Patrick Frank Publishes on Errors Again

Recently I came across yet another paper by Patrick Frank[1] attempting to claim that climate scientists have been underestimating uncertainties in climate-related data. In this paper, he takes aim at GMST data, and he argues that 

LiG resolution limits, non-linearity, and sensor field calibrations yield GSATA mean ±2σ RMS uncertainties of, 1900–1945, ±1.7 °C; 1946–1980, ±2.1 °C; 1981–2004, ±2.0 °C; and 2005–2010, ±1.6 °C. Finally, the 20th century (1900–1999) GSATA, 0.74 ± 1.94 °C, does not convey any information about rate or magnitude of temperature change.

The resulting GMST graph from his calculations is below.

Essentially, he's saying that errors associated with liquid in glass thermometers are so large that we can have no confidence in the global warming trend in the major GMST datasets. Of course, the organizations producing these GMST datasets all evaluate the uncertainties associated with their anomaly values, and their estimates are invariably much smaller - about ±0.05°C in recent decades gradually increasing to ±0.15°C in the late 19th century.[2] These values are also both assessed and published in the peer-reviewed literature. Are all these estimates wrong? Has Patrick Frank discovered something that none of those working with the data have found before? Let's see.

Defining Terms

First let's cover a brief overview of the statistics involved, in very general terms. Frank is attempting to calculate the root-mean-square (RMS) uncertainty at 95% confidence for GMST anomalies. In another post, I talk more about that this means, but essentially what we're after with this calculation is that, given the calculated mean value, we can be 95% confident that the true value falls within the range calculated. So if Frank is right that the during the 20th century the globe warmed 0.74 ± 1.94°C, then we can have very little confidence that the globe has warmed at all, since the range of ± 1.94°C is larger than the calculated mean of 0.74°C. The true value could actually be a negative value to 95% confidence.

Statisticians assess this through calculating a standard deviation (σ). Assuming a normal distribution, 1σ from the mean in both directions will contain 68.2% of the values in the distribution, while a 2σ range includes 95.4% of values the distribution. To calculate the 95% uncertainty, therefore, you can take your 1σ value and multiply it by 1.96; the 95% uncertainty range is slightly less than 2σ. Often this is described generally as the 68-95-99.7 rule, the approximate values for 1σ, 2σ, and 3σ. In many sciences, the 95% uncertainty or ~2σ confidence level is what is required to assess statistical significance.

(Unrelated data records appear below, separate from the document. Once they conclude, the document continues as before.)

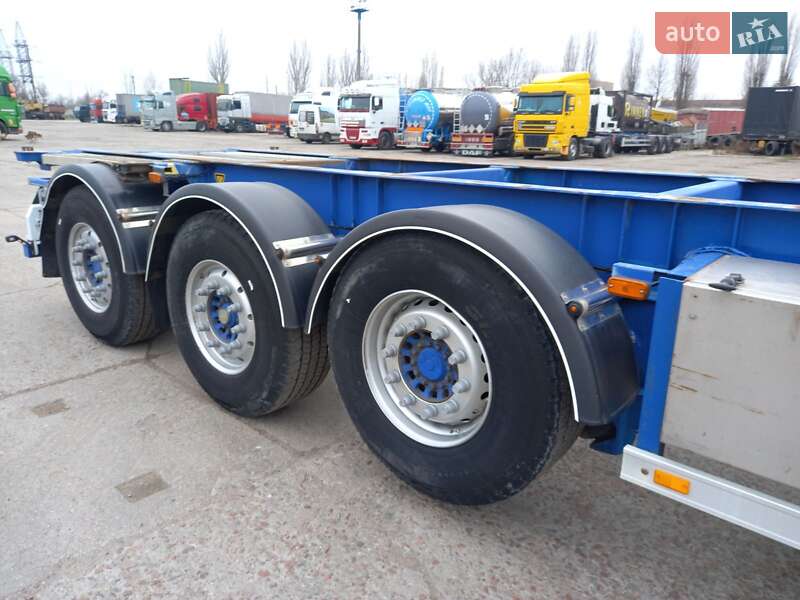 Контейнеровоз напівпричіп Burg Burg 2002 в Одесі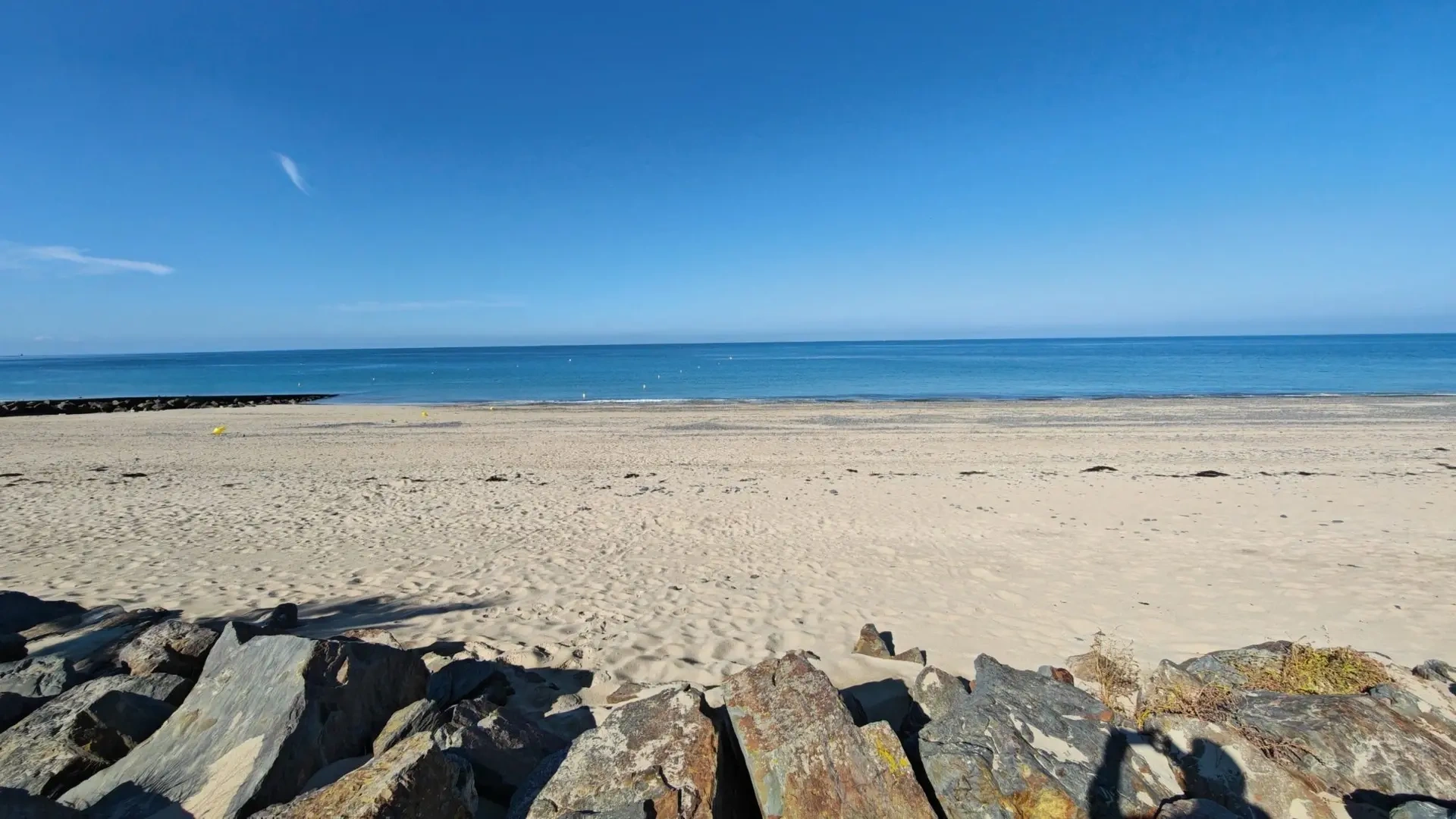 2 - apartment for sale in donville-les-bains manche france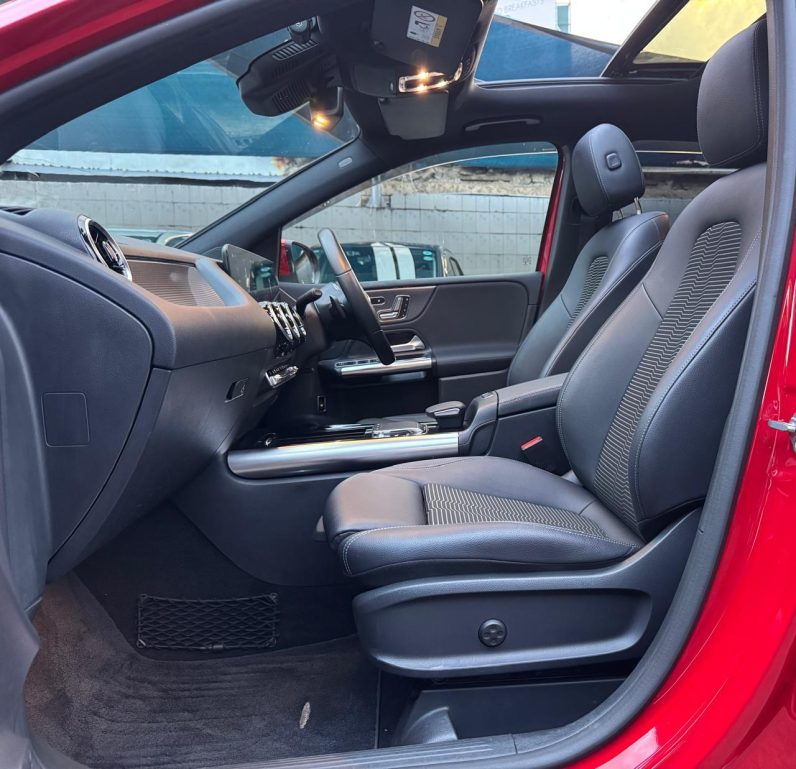 
								Mercedes Benz B180 full									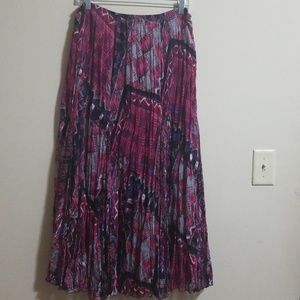 Maxi crinkle skirt
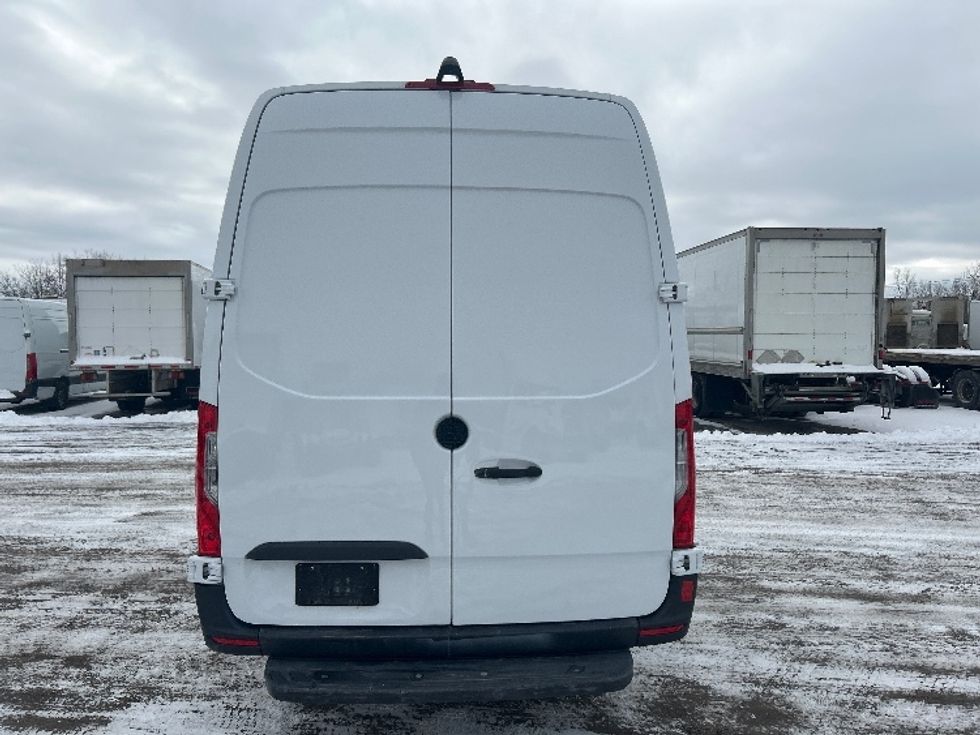 Refrigerated Truck-Light and Medium Duty Trucks-Mercedes-2020-Sprinter-Montreal-PQ-170,599\n\t\tkm-$ 38,500 - Image 7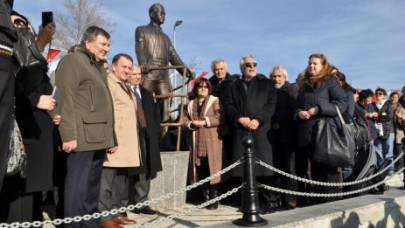 NAZIM HİKMET SİLİVRİ’Yİ SEYREDİYOR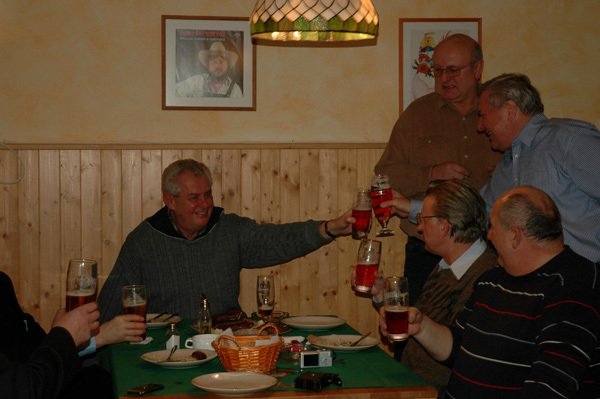 Na svůj svátek a na zdraví si Miloš Zeman připil i s bývalým poradcem Šloufem.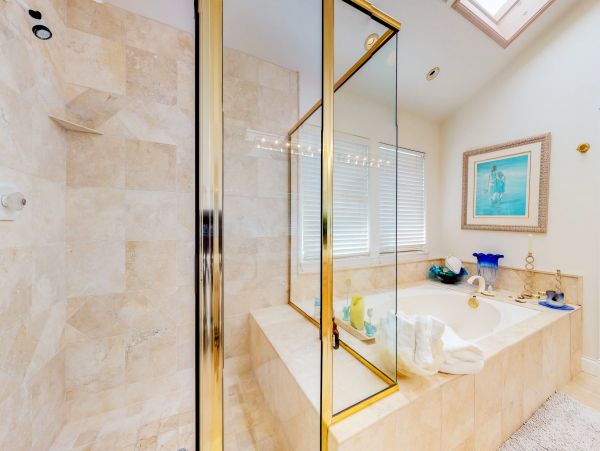Santa Barbara County Home 984325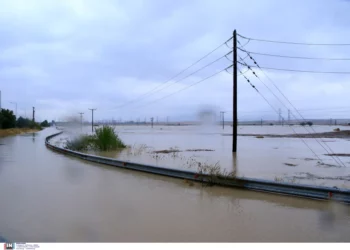 Απέραντη λίμνη η Εθνική Οδός, κομμένη στα δύο η χώρα – Αποκαλυπτικό βίντεο για το χάος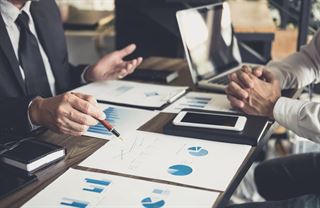 Kdo nedědil, musí si půjčit. Jiná cesta k lepšímu majetku nevede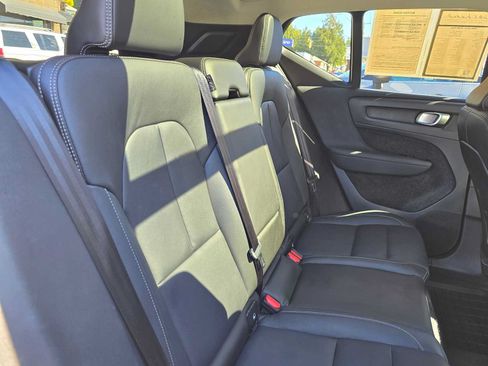 Used 2026 Volvo XC40 B5 Plus AWD/4WD image 14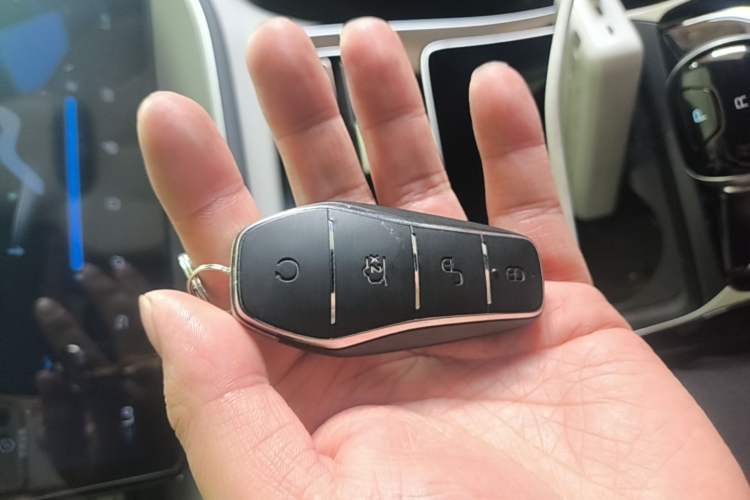 Used BYD Qin PLUS 2023 Champion Edition EV 420KM Leading Model Vehicle Key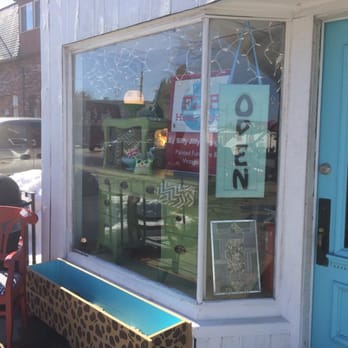 Flip Home Decor - Furniture Stores Near Me - Milford, New Hampshire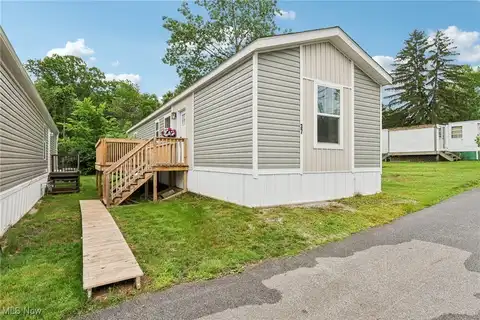 8323 Eagle Road unit: 37, Kirtland, OH 44060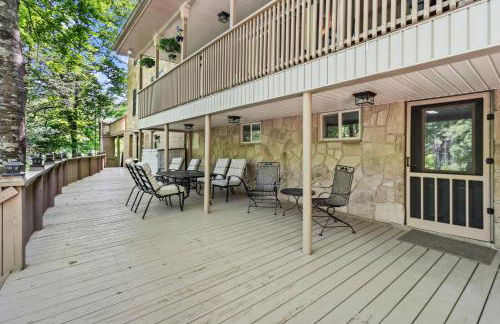 Secluded Lakefront Escape w Private Dock, 600ft Shoreline and Views, Sleeps 13 - Foto 19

Some of the issues in this paper come from Fank's attempts to calculate the uncertainty of mean values, given the σ values for the parts of that mean. For instance, to calculate average temperature for a day, scientists simply average the maximum and minimum temperatures for the day.

Tavg = (Tmax + Tmin)/2 or
Tavg = (1/2)*Tmax + (1/2)*Tmin

So the question is, how do you calculate the uncertainty for Tavg given values for σ for Tmax and Tmin? To assess the uncertainty for this average, we can use the following formula

σf^2 = a^2*σ^2a + b^2σ^2b, where

σf = is the 1σ uncertainty of the average
a = fraction of average for thing a
σa = standard deviation for thing a
b = fraction of average for thing b
σb = standard deviation for thing b

Since σf is squared (technically this is variance), we would take the square root of our results of the calculations on the right hand side of the equation to get the 1σ uncertainty. We can then multiply that value by 1.96 to get the 95% uncertainty. If there are more than 2 terms in the average, we can address this as follows:

σf^2 = a^2*σ^2a + b^2σ^2b + ... + n^2σ^2n 

Now what happens if, say you want to calculate the uncertainty of an average, and the uncertainties for each part of the average is the same (σa = σb = ... = σn) and each term contains an equal fraction (a = b = ... = n)? In this case you can simplify the formula substantially to

σf^2 = σ^2/n

Where n is the number of terms. This works because you can distribute out all the σ^2 values, and you're left with all the a^2, b^2, etc values that add up to n/n^2 = 1/n. What we really want to calculate though, is not simply the ~2σ uncertainty. The calculation should be the standard error of the mean (SEM), which is σ/sqrt(N), where N is the number of samples. As we'll see this paper doesn't get that far and ignores 1/sqrt(N) altogether.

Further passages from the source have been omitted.